#### ASSIGNMENT
Transcribe every entry below word for word, but skip the pictures.

***** RECORDS SUPPLIED *****

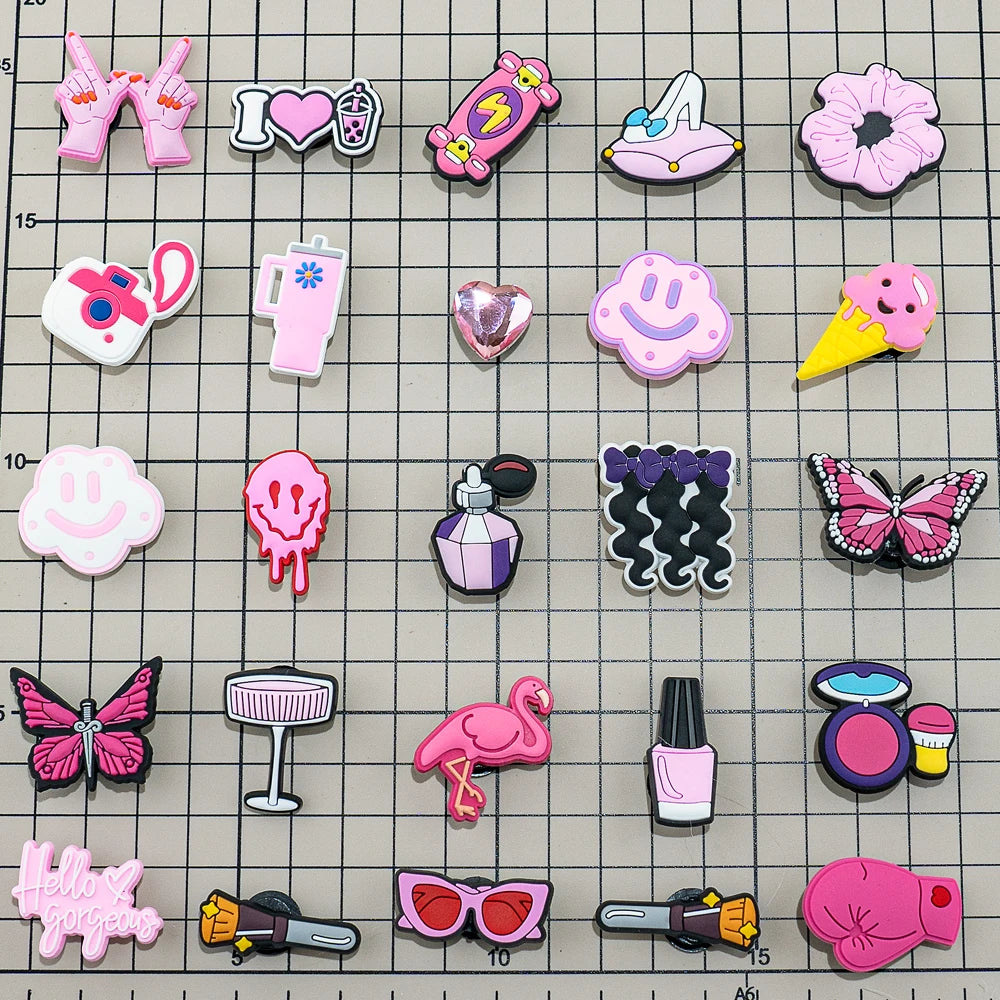 20 / 50 / 100 breloques de chaussures roses aléatoires – Décorations pour chaussures pour femmes, accessoires à clipser pour sabots, sandales et chaussures. Motifs variés, dont flamants roses et thèmes beauté/maquillage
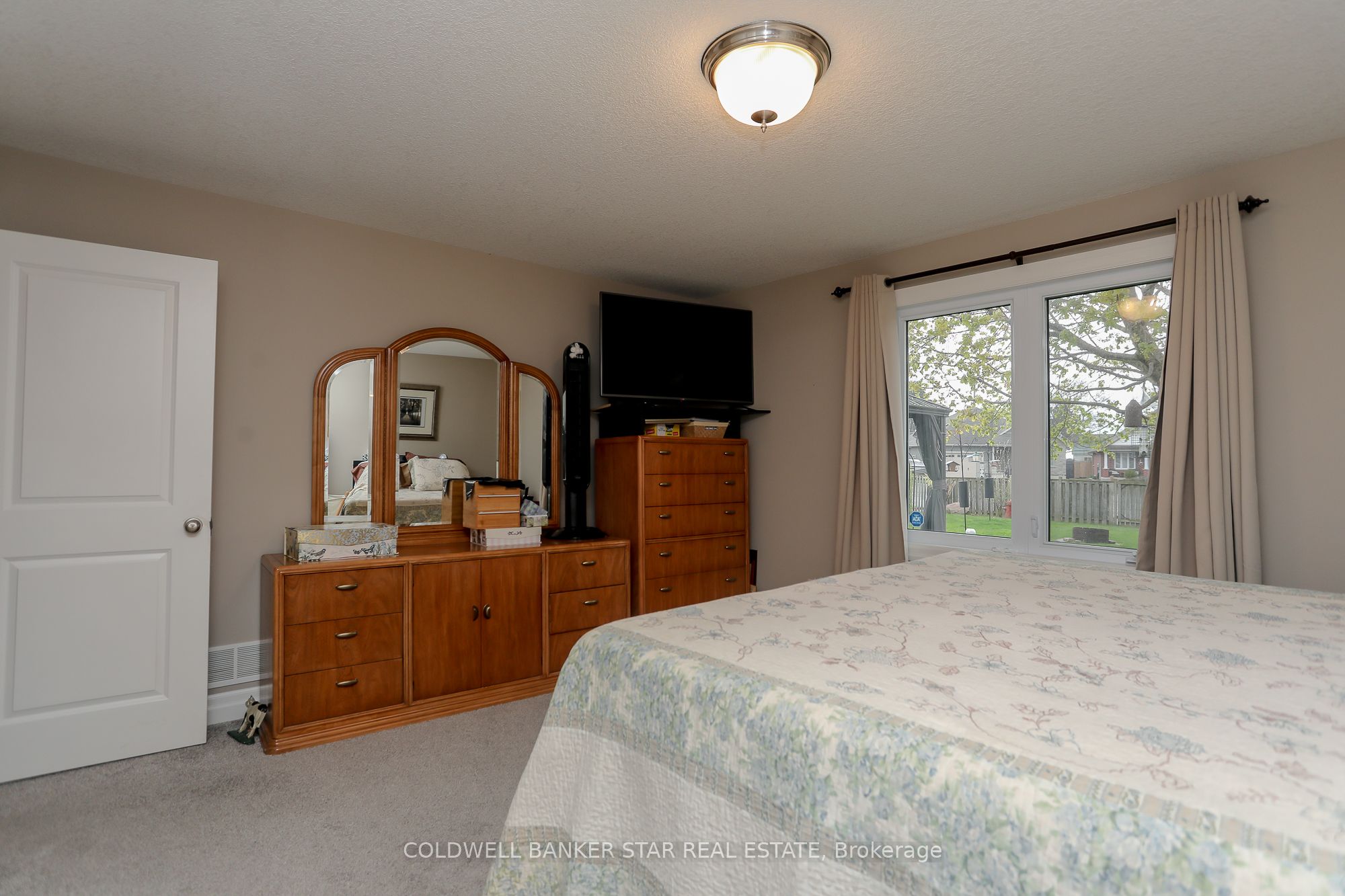 54 Treadwell Street Property Photo 23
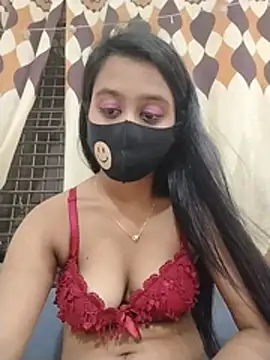 Trisha-26
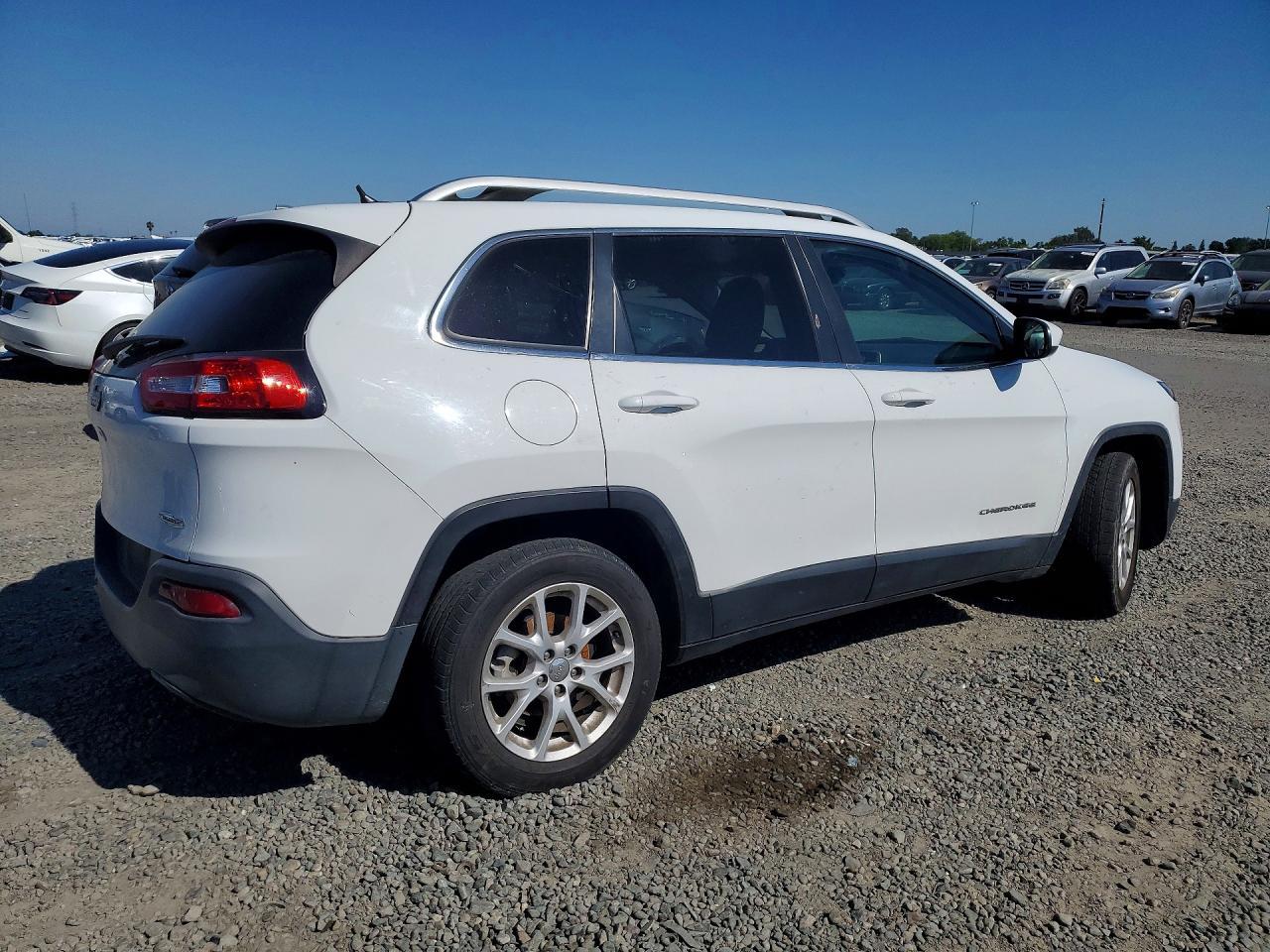 2015 Jeep Cherokee - Фото 3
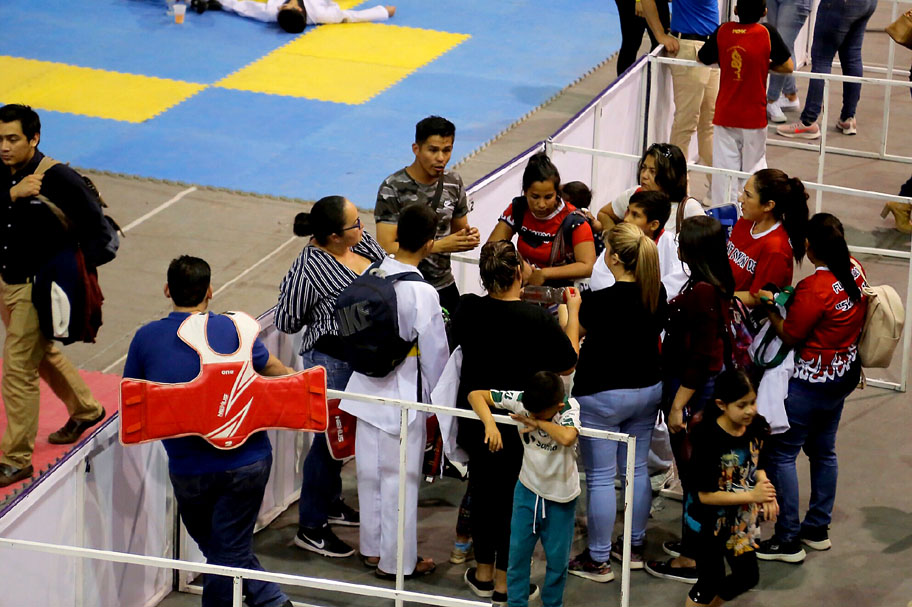 Escuelas no afiliadas de Nuevo León provocaron la suspensión del Torneo Comarca de Taekwondo. (Óscar Wong)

*****

#### TASK SOLUTION
 20 / 50 / 100 breloques de chaussures roses aléatoires – Décorations pour chaussures pour femmes, accessoires à clipser pour sabots, sandales et chaussures. Motifs variés, dont flamants roses et thèmes beauté/maquillage
 54 Treadwell Street Property Photo 23
 Trisha-26
 2015 Jeep Cherokee - Фото 3
 Escuelas no afiliadas de Nuevo León provocaron la suspensión del Torneo Comarca de Taekwondo. (Óscar Wong)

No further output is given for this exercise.